**WHAT YOU WILL DO**: Nothing but the lines from the one containing "3 bed, 1343 sqft, $2,400 — Photo 4" to the end of the records below should be output, each exactly as written.

(Dataset excerpts)
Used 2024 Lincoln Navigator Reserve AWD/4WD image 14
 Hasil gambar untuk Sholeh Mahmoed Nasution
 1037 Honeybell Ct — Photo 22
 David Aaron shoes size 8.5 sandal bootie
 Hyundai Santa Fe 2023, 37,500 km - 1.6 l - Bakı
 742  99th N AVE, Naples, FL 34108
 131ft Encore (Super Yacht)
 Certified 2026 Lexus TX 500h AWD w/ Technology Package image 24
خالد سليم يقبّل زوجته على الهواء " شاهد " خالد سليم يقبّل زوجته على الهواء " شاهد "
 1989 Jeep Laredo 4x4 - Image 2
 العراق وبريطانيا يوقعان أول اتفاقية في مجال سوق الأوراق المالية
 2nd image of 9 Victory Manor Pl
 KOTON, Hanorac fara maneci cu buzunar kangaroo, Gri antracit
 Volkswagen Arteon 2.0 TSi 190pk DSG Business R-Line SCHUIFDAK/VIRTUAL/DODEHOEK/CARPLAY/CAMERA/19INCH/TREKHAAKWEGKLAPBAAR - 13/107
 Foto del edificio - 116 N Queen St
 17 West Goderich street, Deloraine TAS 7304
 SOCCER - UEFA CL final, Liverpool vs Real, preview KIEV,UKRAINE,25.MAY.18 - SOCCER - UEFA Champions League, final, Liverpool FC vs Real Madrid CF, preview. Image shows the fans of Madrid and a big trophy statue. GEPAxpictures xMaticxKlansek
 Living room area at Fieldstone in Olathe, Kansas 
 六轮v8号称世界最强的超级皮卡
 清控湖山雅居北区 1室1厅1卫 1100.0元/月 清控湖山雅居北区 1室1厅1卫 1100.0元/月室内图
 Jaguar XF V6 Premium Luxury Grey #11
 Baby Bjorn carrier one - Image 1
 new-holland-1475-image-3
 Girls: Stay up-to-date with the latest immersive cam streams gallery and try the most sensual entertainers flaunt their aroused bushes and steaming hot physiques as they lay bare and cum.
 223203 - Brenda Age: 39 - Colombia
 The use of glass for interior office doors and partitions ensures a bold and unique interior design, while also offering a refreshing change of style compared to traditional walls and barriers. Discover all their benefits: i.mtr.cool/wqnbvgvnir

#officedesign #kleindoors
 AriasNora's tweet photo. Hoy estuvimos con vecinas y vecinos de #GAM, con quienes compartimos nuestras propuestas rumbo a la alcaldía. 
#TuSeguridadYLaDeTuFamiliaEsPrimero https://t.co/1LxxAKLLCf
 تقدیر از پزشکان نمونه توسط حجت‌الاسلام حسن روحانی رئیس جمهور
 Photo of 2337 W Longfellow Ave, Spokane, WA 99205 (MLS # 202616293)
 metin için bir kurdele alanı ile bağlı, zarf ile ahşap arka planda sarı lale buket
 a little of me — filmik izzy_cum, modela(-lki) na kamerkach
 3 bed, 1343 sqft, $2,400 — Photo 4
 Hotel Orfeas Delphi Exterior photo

**SOLUTION FOR THIS PROBLEM**:
 3 bed, 1343 sqft, $2,400 — Photo 4
 Hotel Orfeas Delphi Exterior photo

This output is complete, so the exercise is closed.